*Problem details:* Pull each line holding "small" out of the entries below.

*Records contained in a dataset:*
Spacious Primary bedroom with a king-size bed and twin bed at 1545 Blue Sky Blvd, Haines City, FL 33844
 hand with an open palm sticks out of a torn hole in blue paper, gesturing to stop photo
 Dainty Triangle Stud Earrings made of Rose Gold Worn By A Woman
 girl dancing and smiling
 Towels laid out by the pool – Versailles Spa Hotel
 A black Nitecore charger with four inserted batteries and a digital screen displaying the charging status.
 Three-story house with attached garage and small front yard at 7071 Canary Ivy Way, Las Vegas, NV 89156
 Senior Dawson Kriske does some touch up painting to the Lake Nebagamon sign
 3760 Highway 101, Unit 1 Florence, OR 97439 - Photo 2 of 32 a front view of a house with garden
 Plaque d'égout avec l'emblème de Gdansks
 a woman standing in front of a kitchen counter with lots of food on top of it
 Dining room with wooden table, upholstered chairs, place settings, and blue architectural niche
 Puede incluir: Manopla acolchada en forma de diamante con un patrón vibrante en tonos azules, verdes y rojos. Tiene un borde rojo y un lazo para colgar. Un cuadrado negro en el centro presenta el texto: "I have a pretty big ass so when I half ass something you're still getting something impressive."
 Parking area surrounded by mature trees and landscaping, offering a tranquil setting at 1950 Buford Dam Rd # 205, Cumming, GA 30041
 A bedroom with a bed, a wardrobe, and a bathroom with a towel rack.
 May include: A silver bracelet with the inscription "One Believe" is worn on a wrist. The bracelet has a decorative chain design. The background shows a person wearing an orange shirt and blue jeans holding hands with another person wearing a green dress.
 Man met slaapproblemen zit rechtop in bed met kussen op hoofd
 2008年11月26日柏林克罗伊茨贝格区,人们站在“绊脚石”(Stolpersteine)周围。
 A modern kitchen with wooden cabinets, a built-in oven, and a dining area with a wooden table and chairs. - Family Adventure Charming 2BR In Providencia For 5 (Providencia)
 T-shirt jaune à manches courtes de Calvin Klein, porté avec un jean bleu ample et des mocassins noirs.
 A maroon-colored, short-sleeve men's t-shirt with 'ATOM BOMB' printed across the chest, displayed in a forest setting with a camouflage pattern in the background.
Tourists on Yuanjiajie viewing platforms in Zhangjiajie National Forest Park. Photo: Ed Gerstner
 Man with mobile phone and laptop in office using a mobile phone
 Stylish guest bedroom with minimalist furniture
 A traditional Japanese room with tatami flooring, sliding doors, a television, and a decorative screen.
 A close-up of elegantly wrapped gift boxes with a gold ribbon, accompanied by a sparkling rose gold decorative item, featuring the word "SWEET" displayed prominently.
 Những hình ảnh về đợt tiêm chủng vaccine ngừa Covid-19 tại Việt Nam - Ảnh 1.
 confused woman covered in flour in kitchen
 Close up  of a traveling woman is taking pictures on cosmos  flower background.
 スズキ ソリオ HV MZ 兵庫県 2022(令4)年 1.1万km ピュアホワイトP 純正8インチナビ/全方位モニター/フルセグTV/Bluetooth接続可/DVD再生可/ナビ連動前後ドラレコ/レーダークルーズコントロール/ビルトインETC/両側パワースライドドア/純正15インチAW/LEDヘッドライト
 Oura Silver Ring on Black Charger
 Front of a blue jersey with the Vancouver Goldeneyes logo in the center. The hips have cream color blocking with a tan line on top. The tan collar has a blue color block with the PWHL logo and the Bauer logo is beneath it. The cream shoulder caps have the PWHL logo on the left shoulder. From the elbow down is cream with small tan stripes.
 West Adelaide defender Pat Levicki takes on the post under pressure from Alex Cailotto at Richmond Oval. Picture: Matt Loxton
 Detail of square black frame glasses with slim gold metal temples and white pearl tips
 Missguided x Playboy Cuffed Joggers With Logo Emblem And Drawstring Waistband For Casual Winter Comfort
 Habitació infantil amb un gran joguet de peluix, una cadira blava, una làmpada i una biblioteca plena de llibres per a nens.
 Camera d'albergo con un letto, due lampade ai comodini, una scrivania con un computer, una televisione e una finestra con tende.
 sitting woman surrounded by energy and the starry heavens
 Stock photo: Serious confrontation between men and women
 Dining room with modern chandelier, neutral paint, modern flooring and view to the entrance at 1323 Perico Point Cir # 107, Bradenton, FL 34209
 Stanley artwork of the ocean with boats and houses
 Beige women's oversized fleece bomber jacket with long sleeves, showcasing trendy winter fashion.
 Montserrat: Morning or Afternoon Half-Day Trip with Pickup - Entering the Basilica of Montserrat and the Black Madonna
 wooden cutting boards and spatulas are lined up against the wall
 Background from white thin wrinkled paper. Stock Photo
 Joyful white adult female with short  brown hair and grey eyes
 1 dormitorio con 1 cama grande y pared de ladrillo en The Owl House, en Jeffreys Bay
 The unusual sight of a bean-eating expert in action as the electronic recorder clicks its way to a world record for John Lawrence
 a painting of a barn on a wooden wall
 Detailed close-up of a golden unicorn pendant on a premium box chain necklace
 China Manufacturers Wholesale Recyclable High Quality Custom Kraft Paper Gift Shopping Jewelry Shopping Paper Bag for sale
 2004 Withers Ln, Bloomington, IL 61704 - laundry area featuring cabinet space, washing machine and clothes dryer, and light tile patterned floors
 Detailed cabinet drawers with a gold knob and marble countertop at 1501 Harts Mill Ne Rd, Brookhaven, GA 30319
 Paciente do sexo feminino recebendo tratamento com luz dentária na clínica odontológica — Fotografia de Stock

*Exercise output:*
 Three-story house with attached garage and small front yard at 7071 Canary Ivy Way, Las Vegas, NV 89156
 Front of a blue jersey with the Vancouver Goldeneyes logo in the center. The hips have cream color blocking with a tan line on top. The tan collar has a blue color block with the PWHL logo and the Bauer logo is beneath it. The cream shoulder caps have the PWHL logo on the left shoulder. From the elbow down is cream with small tan stripes.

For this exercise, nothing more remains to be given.